System: Valve Index & HTC Vive
Price at Time Of Review: £5.79
Comfort Rating: Green
Genre: Puzzle
Input: Tracked Motion Controllers
Best Playing Position: Standing
Multi-Player: No
Age Rating: PG
VR Shop Score 1/100: 65
Description: Turing Tumble materially consists in a board, blue and red marbles, and 6 types of mechanical parts you can add onto the board to build computing machines. The set of parts is Turing complete, which means that Turing Tumble can do anything a computer can do – or at least it could if the board were big enough. But even at it actual size, it already allows to add, divide, exponentiate, compare, count, do logic, produce patterns and a lot more.

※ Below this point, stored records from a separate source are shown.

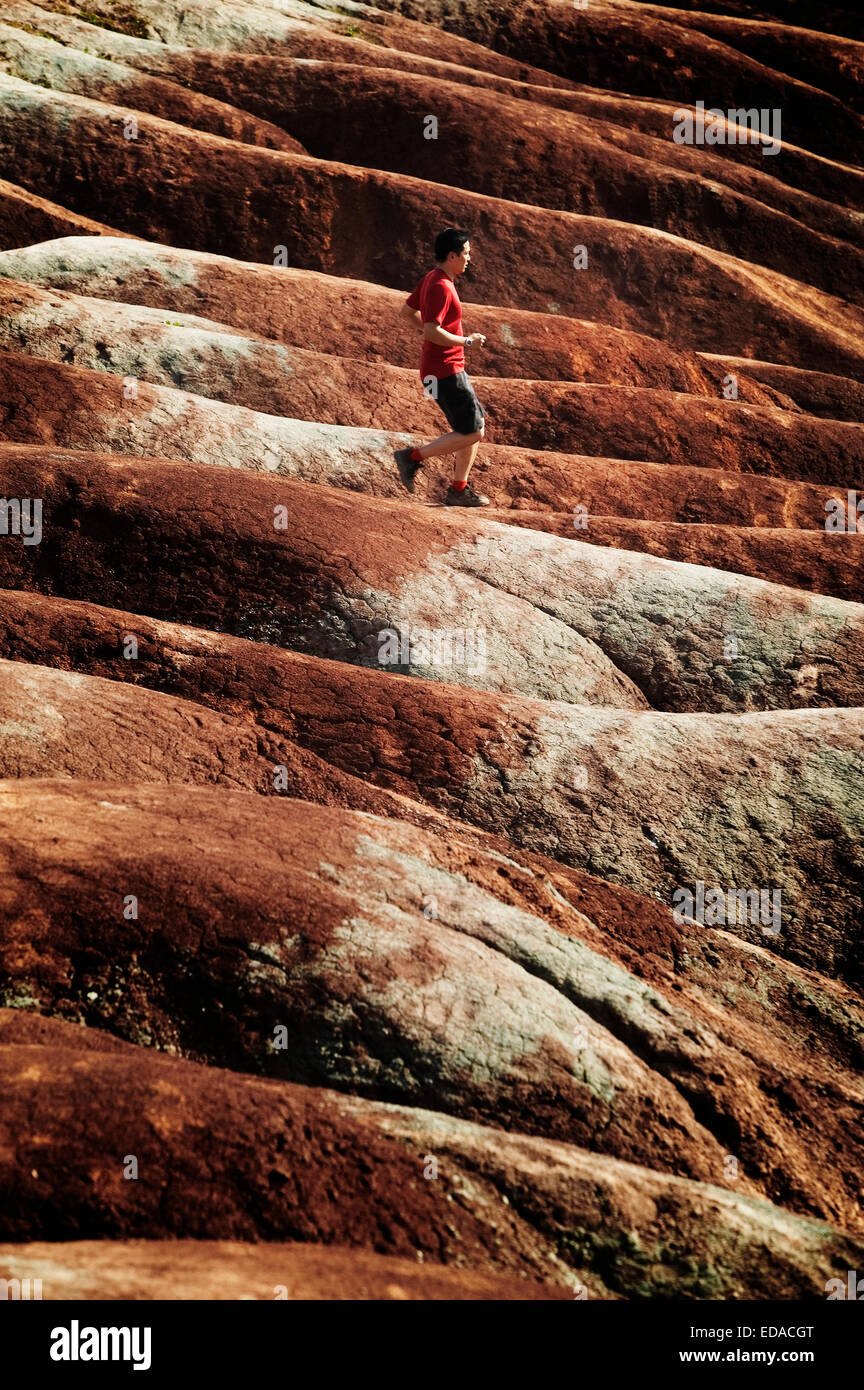 Uomo in esecuzione in badlands Foto Stock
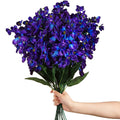 Hand holding a bouquet of 16 artificial blue-purple orchid stems with green leaves against a white background.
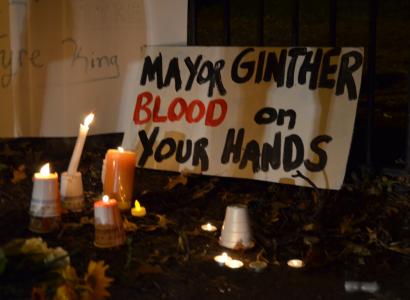 Candles and a sign that says "Mayor Ginther Blood on your hands"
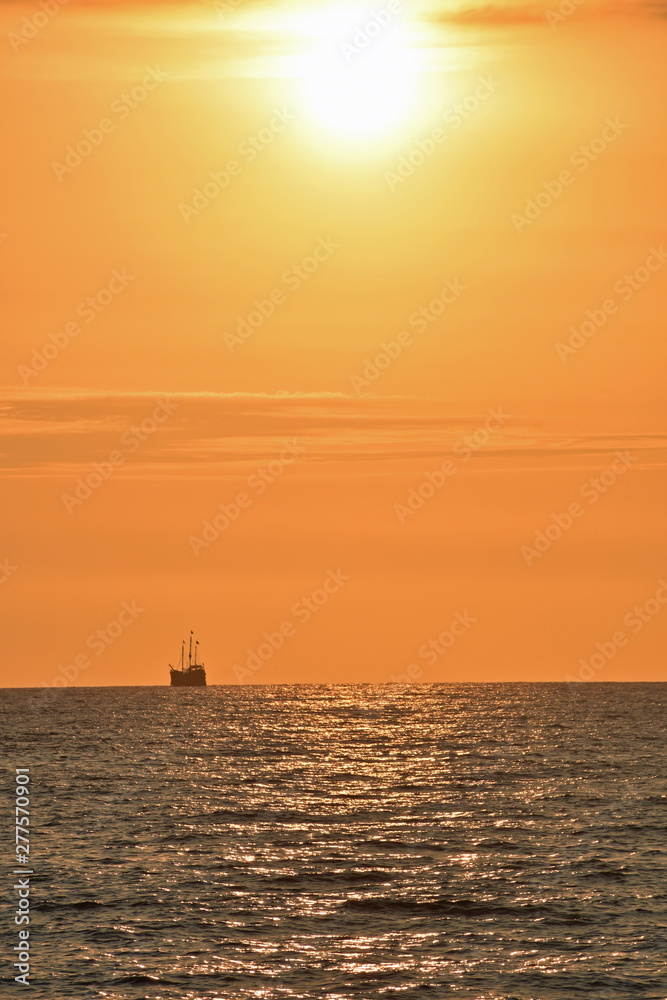 Golden Sunset at the Beach with Boat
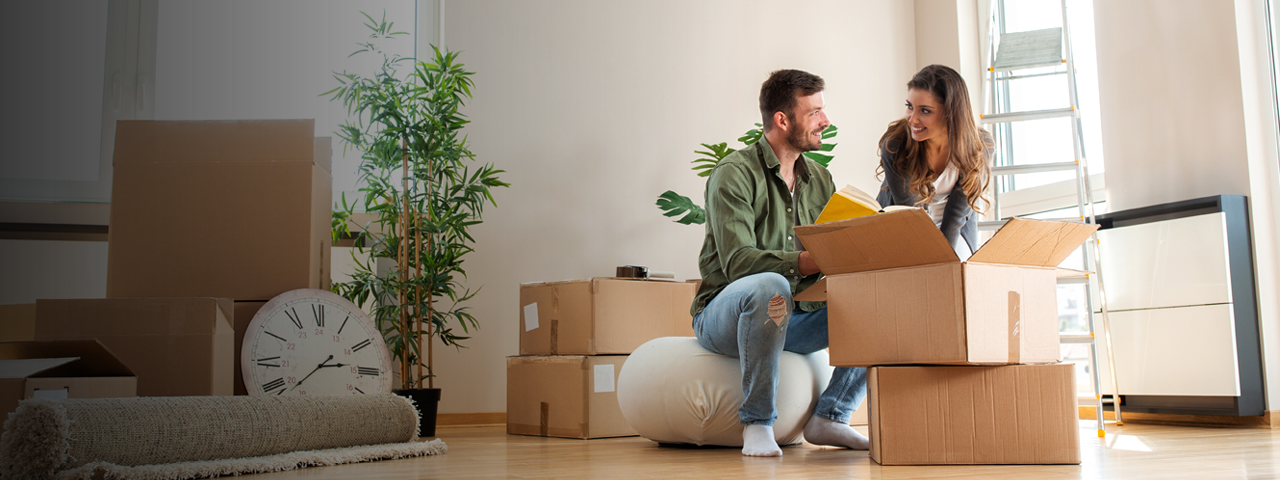 Couple unpacking moving boxes in new living room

Recreated in VR, the board is as big as a small building, and 59 challenges have been implemented for the puzzle mode. Solving them will make you recreate nearly all the functions of a microprocessor, and don’t be fooled by the first ones: they start easy but become soon enough quite difficult and then extremely challenging. Last ones will be tough even for an expert programmer.
Review: Make no mistake here, most of us are going to find ‘Turing Tumble VR’ as boring as watching a cow eat grass, but there are some people who use these marble-powered computers a lot and will get some real enjoyment out of this game. There is a large element of educational learning thrown in here alone with the 60 puzzles as you can build them yourself using the editor and learn that way. But most of us will not get any enjoyment out of this so unless you find building marble-powered computers fun I would leave this alone.